Posted May 03, 2010 10:47am EDT by Aaron Task in Newsmakers, Recession
"Talking about the debt issue as though this were the no. 1 problem of the U.S. is fundamentally misguided," says James Galbraith, economic professor at the University of Texas and author of The Predator State.

Galbraith was responding to the "fear mongering" of those who claim the U.S. is on the road to ruin because of its rising debts, specifically Euro Pacific Capital's Peter Schiff.

Last week, Schiff and Galbraith engaged in a heated debate on CNBC regarding this issue; we asked the professor to respond when he came on Tech Ticker Friday.

As stated here, Schiff believes "sovereign credit risk in the U.S. is just as great -- if not greater than [in] Greece."

But that is an "absurd proposition," according to Galbraith.

"Greece is a very small country in a very large currency zone it doesn't control," he says. "The U.S. is a very large, autonomous economy that can set its own course [and] has enormous amount of capacity to deal with its problems."

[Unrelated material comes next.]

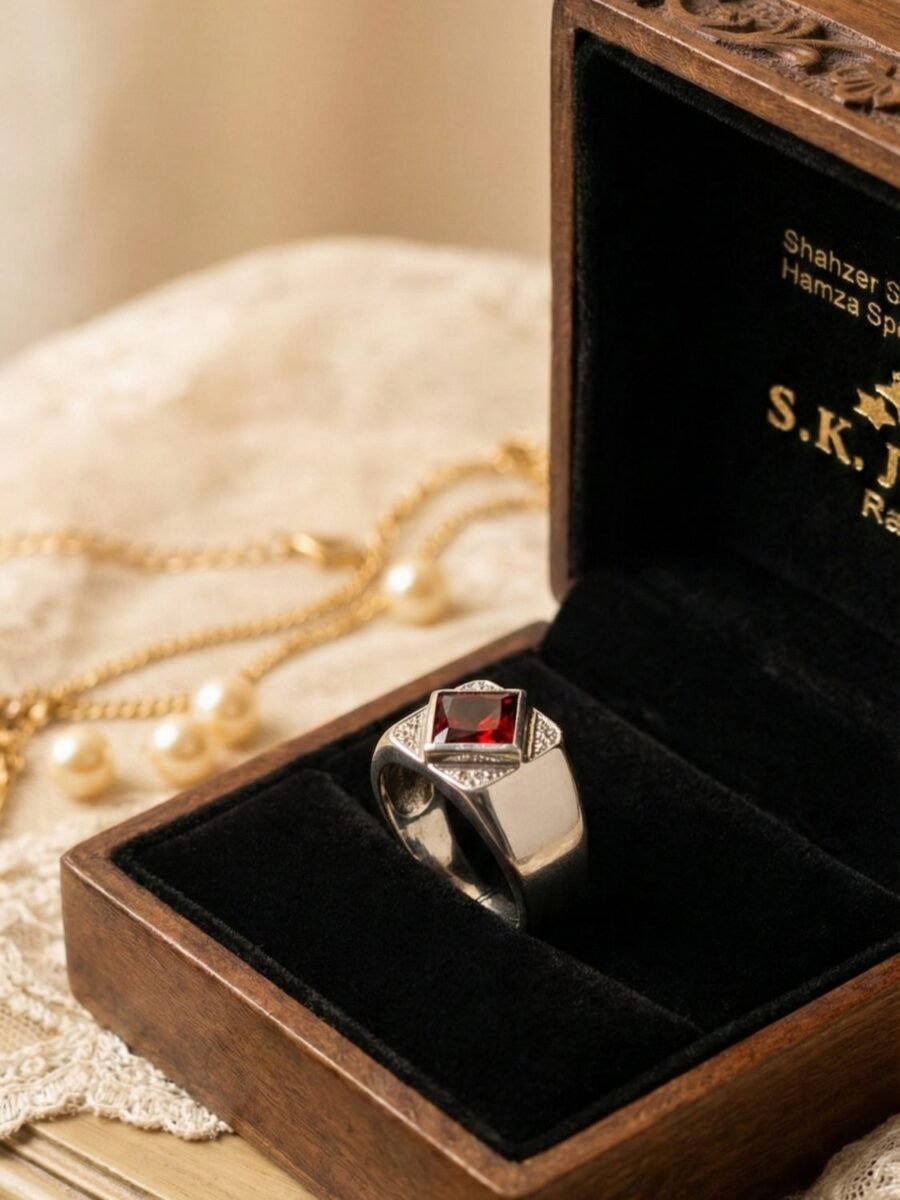 925 Silver Blue Stone Pearl Drop Ring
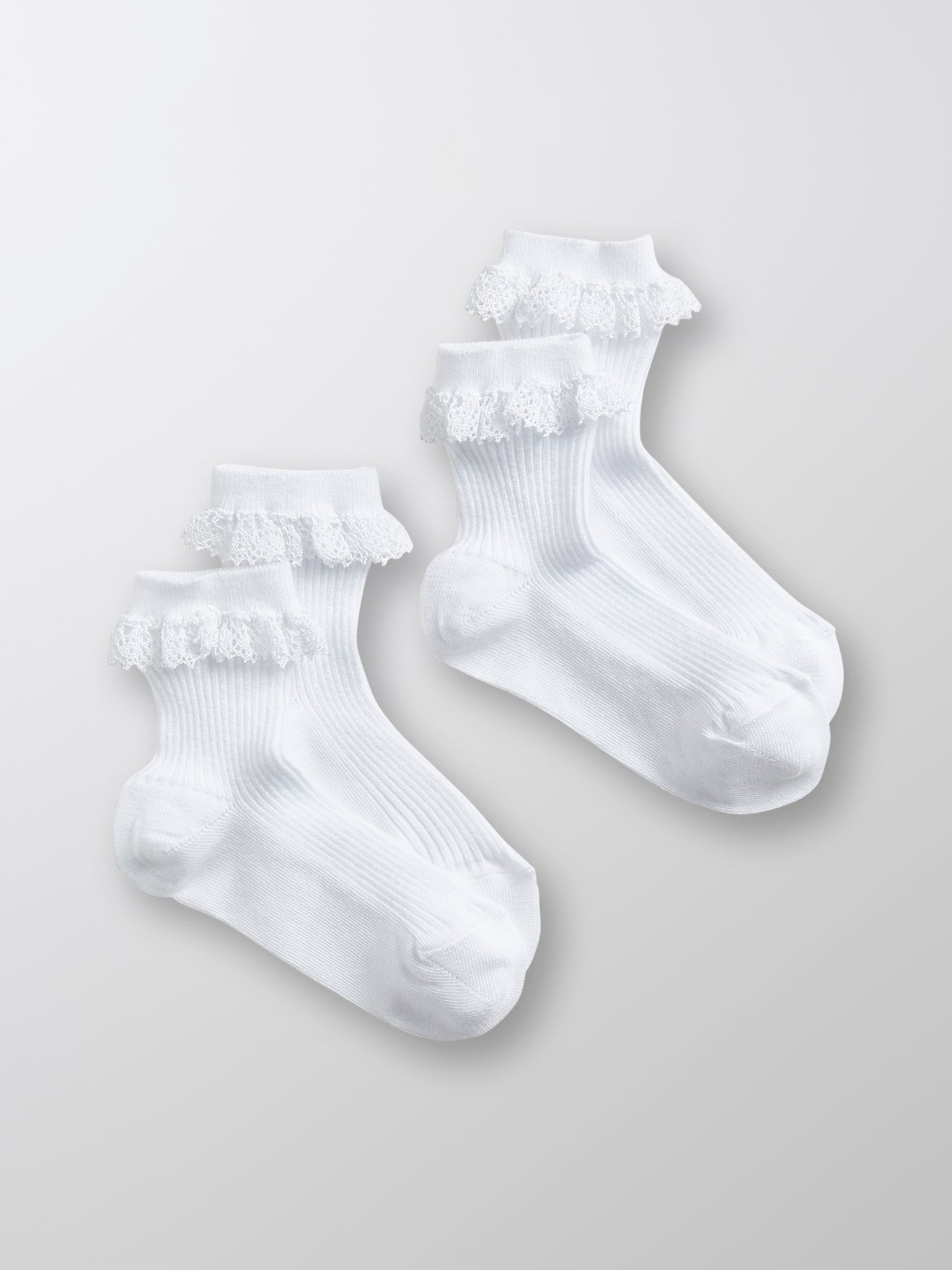 Mädchensöckchen mit Spitze, 2er-Pack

In the CNBC debate, Schiff claimed the U.S. is acting like a subprime borrower using a teaser rate and will be unable to fund its deficits once short-term rates spike. Galbraith dismisses that scenario in the accompanying video, suggesting "for better or worse," the Fed controls short-term rates. And foreigners, most notably China, have little choice but to own Treasuries and would be committing financial suicide if they dumped U.S. holdings en masse, he says. 

Undoubtedly, Schiff's fans (and Schiff himself) will recall the author and Senate candidate was similarly scoffed at in 2005 and 2006 when he warned of a housing bubble, and in 2007 when he said subprime was definitely not contained. (See: Peter Schiff was right.)

Hopefully, Schiff will be proven wrong this time.

Editor's note: Time constraints prohibited us from asking Schiff about his debate with Galbraith last week. But the invitation for him to retort is open and hopefully we can have both gentlemen on soon to debate these and related issues.